New York State Legislature
- Territorial extent: New York (state)
- Enacted by: New York State Legislature
- Enacted: 1885

= Scaffold Law (New York) =

New York state law

The Scaffold Law is a New York State law that holds employers and property owners fully liable when an employee becomes injured due to a gravity-related fall while working at high elevations without proper safety equipment. The law was enacted in 19th century and is contained in New York State Labor Law § 240/241. Critics and politicians have blamed the law for driving up public construction costs in New York State. New York State is the only state that imposes an absolute liability penalty in gravity-related injury cases (Illinois repealed their similar law in 1995).

== History ==
The Scaffold Law was enacted by the New York State Legislature in 1885. The law was enacted at a time in the nation's history when the federal government had not yet enacted widespread worker protection such as the Occupational Safety and Health Administration or workers compensation programs.

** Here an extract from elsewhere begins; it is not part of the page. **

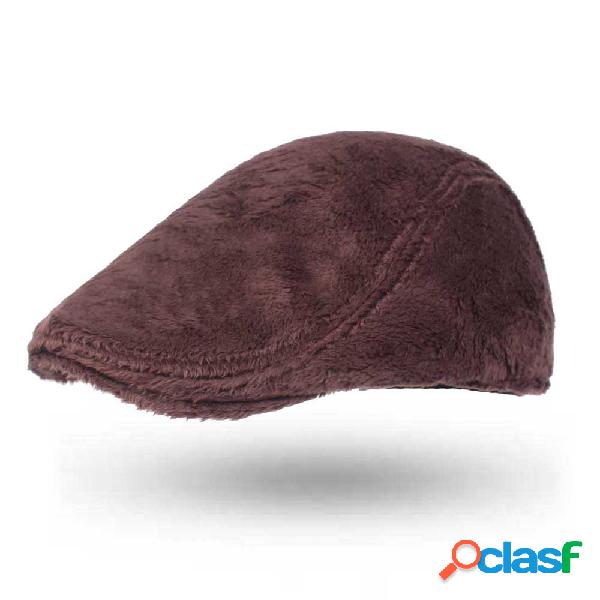 Homens Mulheres Inverno Engrossar Veludo Quente Beret Cap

In 1995, the state of Illinois repealed its absolute liability standard law for gravity related injuries, leaving New York as the last and only state with such a statute.

There was a lobbying effort in 2013 on behalf of contractors and minority and women owned business enterprises to replace the absolute liability standard with a comparative standard, which would require a jury or arbitrator to determine the amount of negligence cause by an employee.

In 2018, United States Congressman John Faso introduced a federal bill that passed the U.S. Senate but seemingly did not pass in the U.S. House of Representatives in February 2018 that would have denied funding to construction projects that impose an absolute liability standard for gravity-related falls.

== Controversy ==
Critics have cited the law for increasing public construction costs, increasing insurance costs, and creating barriers to entry for Minority and Women-Owned Business Enterprises. The Rockefeller Institute of Government has blamed the law for costing taxpayers $785 million a year. Habitat for Humanity blamed the law for creating obstacles in rebuilding attempts after Hurricane Sandy. Congressman Faso has blamed the law for adding $200 million to the cost of the new Tappan Zee Bridge. Two state congress members also noted that the law is the last and only absolute liability law in the country for gravity-related construction falls.